Looking Peter in the eye, Hjálmar threw the passport straight up, as hard as he could.
The wind caught the little booklet. The cover opened and the pages fluttered like wings. The passport lifted high, rising into the night sky until it was lost in darkness.
Peter growled.
Hjálmar raised his chin. “We are a nation of laws. We will find you. You will be punished.”
“I don’t doubt it,” Peter said. “When you find me, I’ll have Óskar.” He looked the older man hard in the face. “Make sure you get him to a safe place. Do you understand me?”
Hjálmar stared back without an answer.
Peter climbed into the Defender and used the heavy bumper to push through the roadblock, then roared northeast toward the gap in the mountains.
51
He left the main highway just before Blönduós, headed north on a narrow road between jagged mountains and the raging sea. The storm was fully on him now, the snow coming fast and hard.

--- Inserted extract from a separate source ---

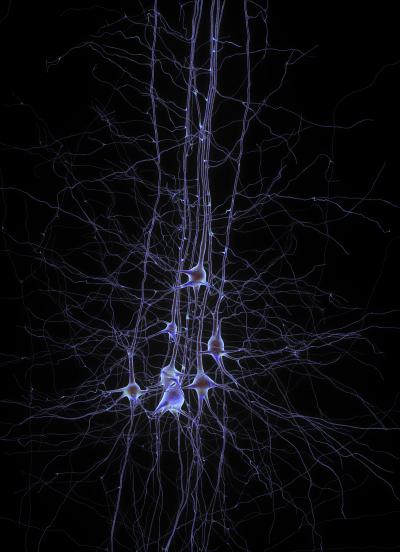 This is a group of neurons. This is a group of neurons.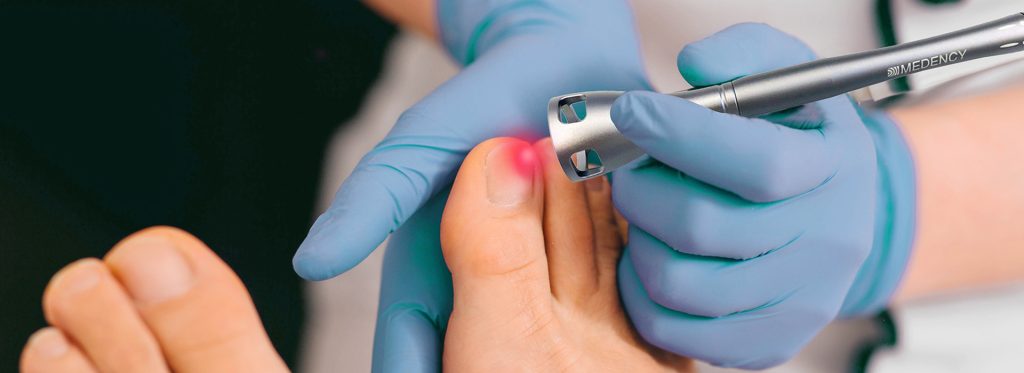 laser podologiczny diodowy podczas zabiegu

He gripped the wheel firmly to stop his hands from shaking. The adrenaline had burned itself out and left him an empty husk. He’d seen no police since the roadblock, nor any other pursuers, although he knew they were behind him somewhere, gathering.
In the aftermath of the fight, the wave of dizziness had returned twice. Peter didn’t know the cause, but it didn’t matter. He’d been tired before, and sick, too. He was strong. He’d be fine. He had work to do.